• [Task requirements] An exact restatement of the data is required, with the images omitted.

• [Input data]
________________
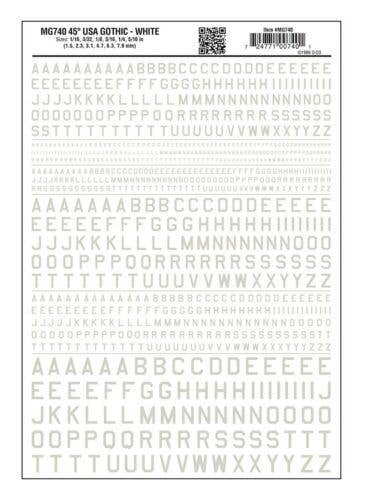 Dry Transfer Alphabet & Numbers - 45-Degree USA Gothic (Military Style) -- White, All Scales, Woodland Scenics 740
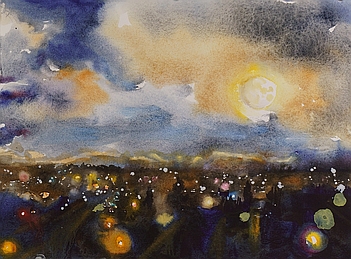 Suze Woolf painting of urban moonset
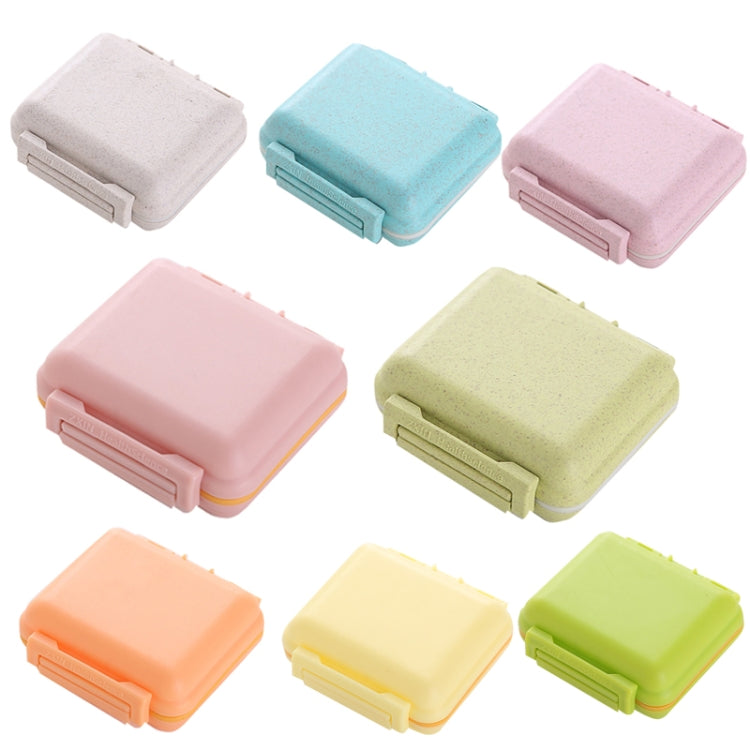 JS0018 Wheat Portable Sealed Pill Box with 6 Compartments For Pill Health Care Box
________________
• [Your response]
 Dry Transfer Alphabet & Numbers - 45-Degree USA Gothic (Military Style) -- White, All Scales, Woodland Scenics 740
 Suze Woolf painting of urban moonset
 JS0018 Wheat Portable Sealed Pill Box with 6 Compartments For Pill Health Care Box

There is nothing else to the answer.